====== PROVIDED DATA ======

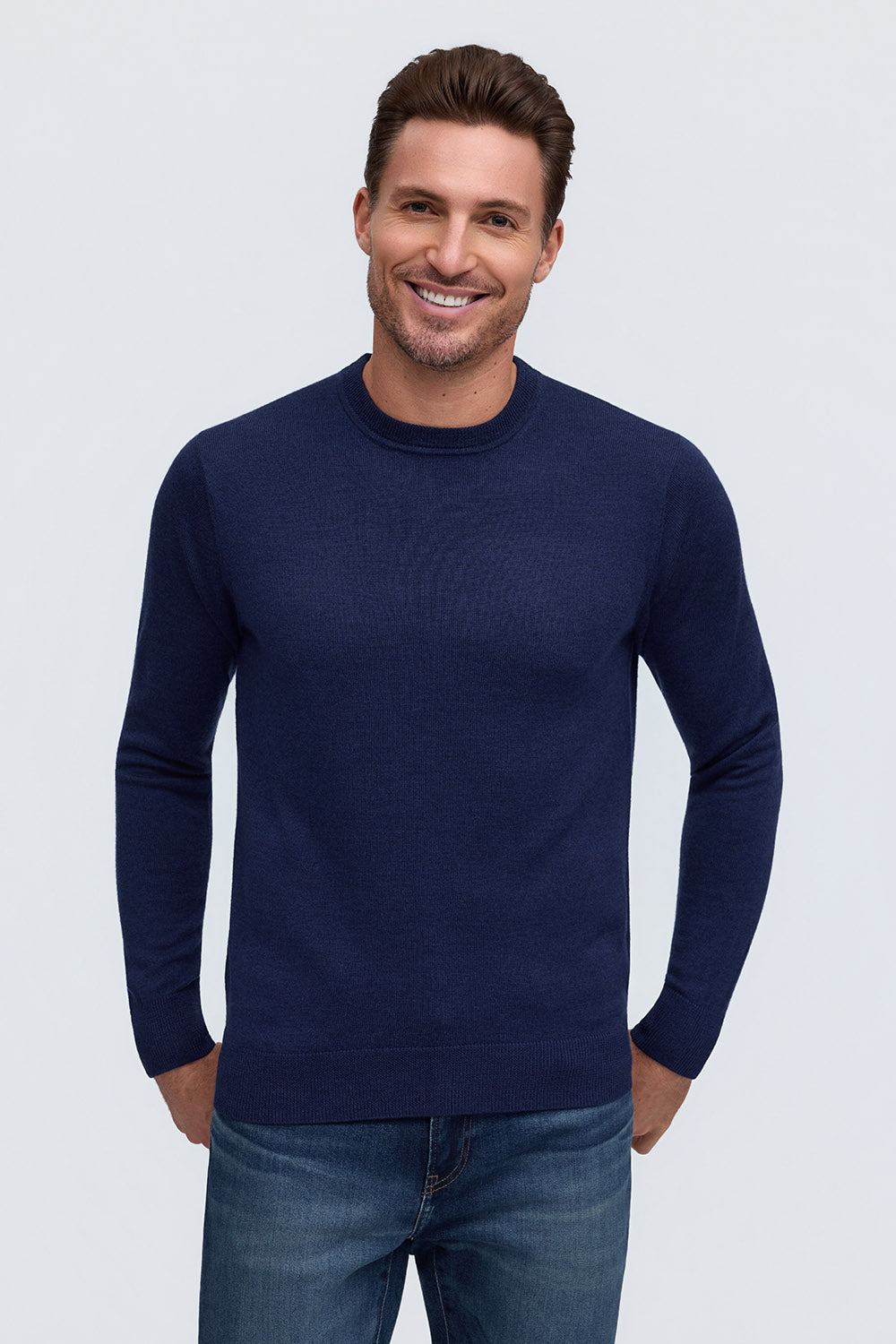 Classic Merino Crew Midnight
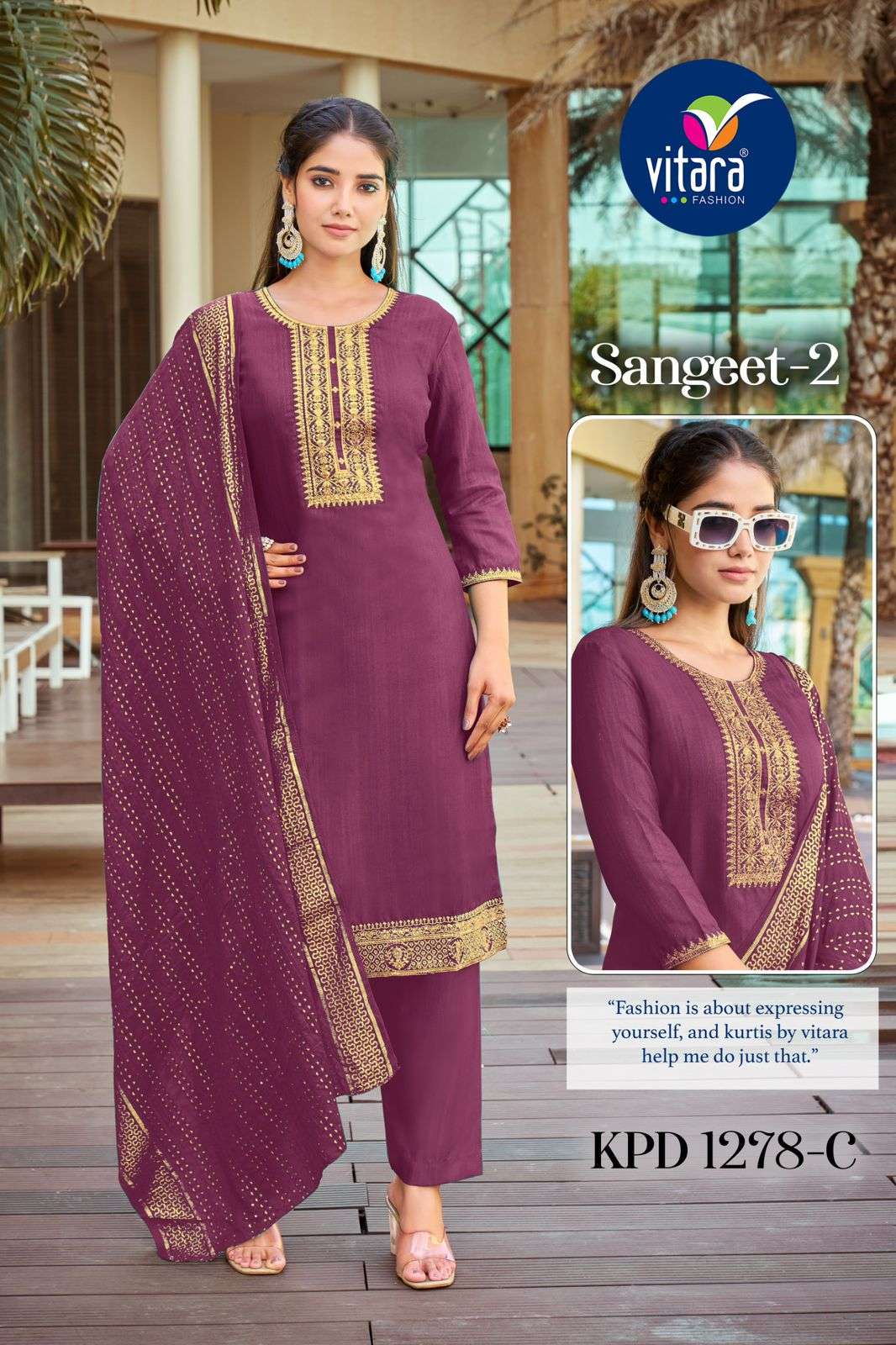 VITARA FASHION  SANGEET VOL 2 SILK WITH FANCY WORKS SUIT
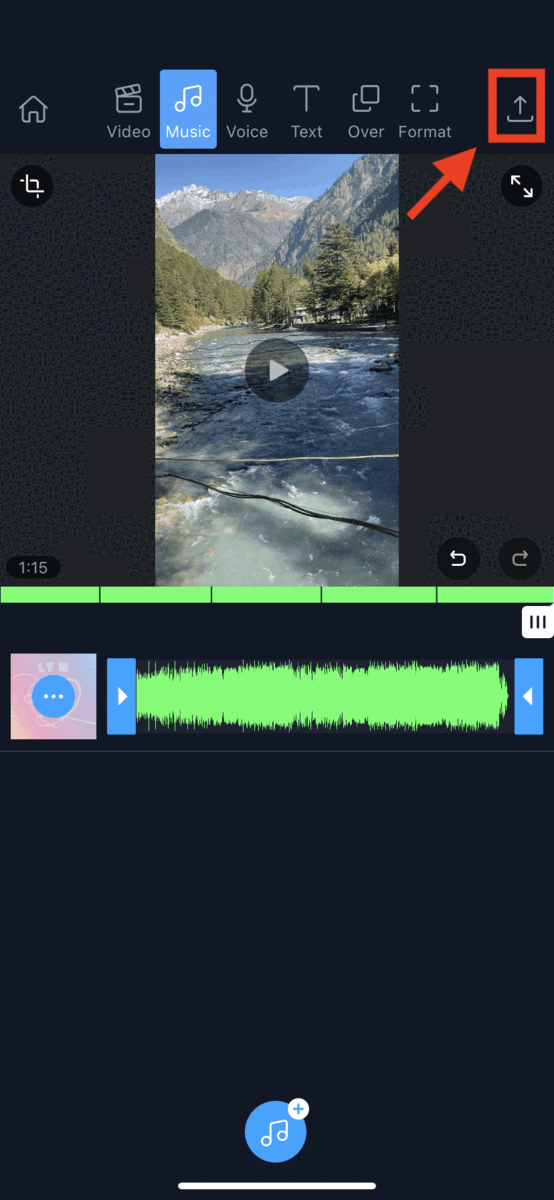 How to edit videos on phone using Filmr- Step 12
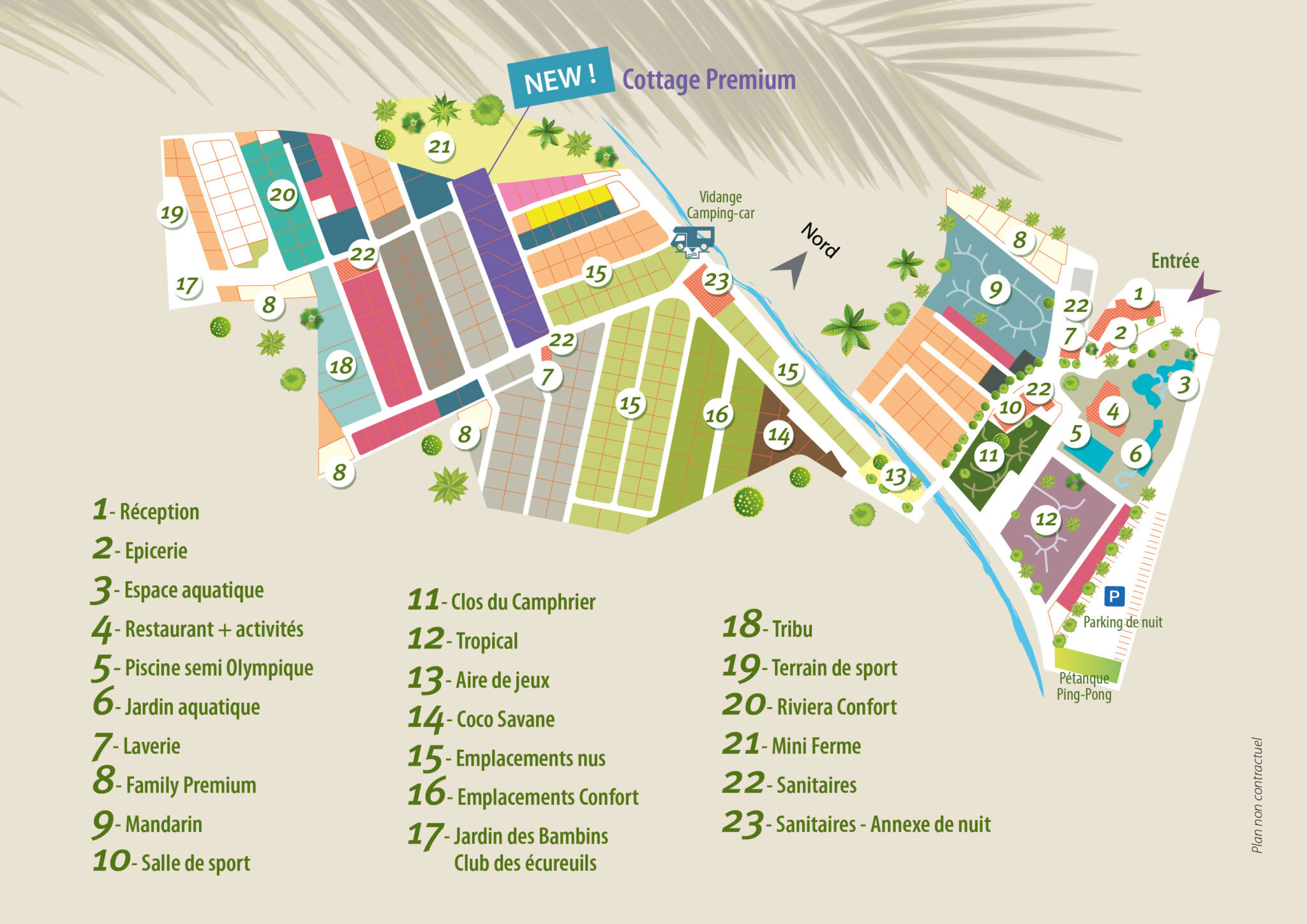 Plattegrond La Sardane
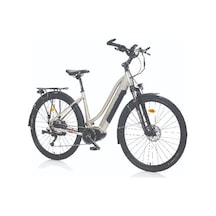 Corelli Sacha-l Elektrikli Kadın Şehir Bisiklet Hd 46cm 28 Jant 9 Gri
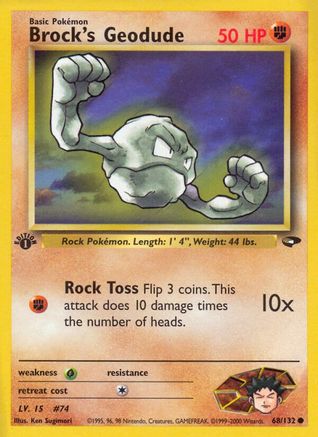 Image of Brock's Geodude (68/132) [Gym Challenge 1st Edition]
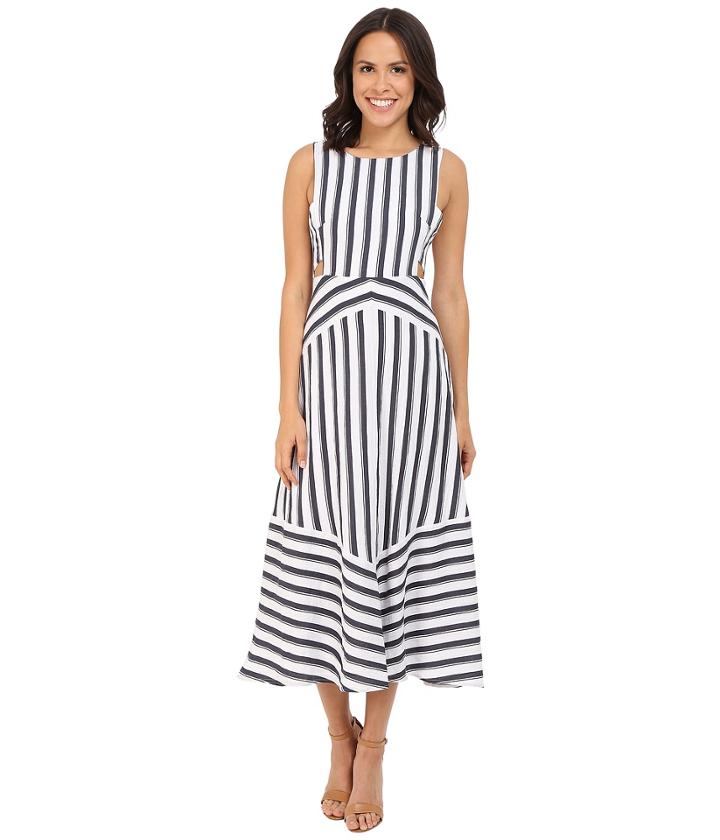 Brigitte Bailey - Amalie Striped Dress With Cut Out Sides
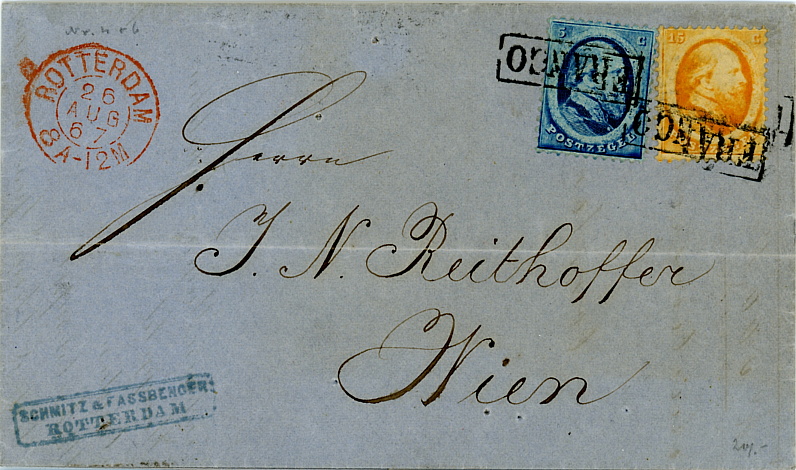 Niederlande, Ausgabe 1864, Haarlemer Druck, NVPH 4IIB und 6B
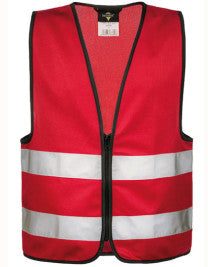 Kids´ Hi-Vis Safety Vest With Front Zipper Aalborg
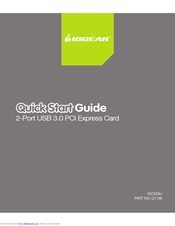 IOGEAR GIC320U Quick Start Manual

======

TASK INSTRUCTIONS: Every line from the one holding "FANCY WORKS SUIT" through the final line of the data above is to be reproduced exactly, both ends included, with the pictures left out.

REPLY TO THE TASK:
 VITARA FASHION  SANGEET VOL 2 SILK WITH FANCY WORKS SUIT
 How to edit videos on phone using Filmr- Step 12
 Plattegrond La Sardane
 Corelli Sacha-l Elektrikli Kadın Şehir Bisiklet Hd 46cm 28 Jant 9 Gri
 Image of Brock's Geodude (68/132) [Gym Challenge 1st Edition]
 Brigitte Bailey - Amalie Striped Dress With Cut Out Sides
 Niederlande, Ausgabe 1864, Haarlemer Druck, NVPH 4IIB und 6B
 Kids´ Hi-Vis Safety Vest With Front Zipper Aalborg
 IOGEAR GIC320U Quick Start Manual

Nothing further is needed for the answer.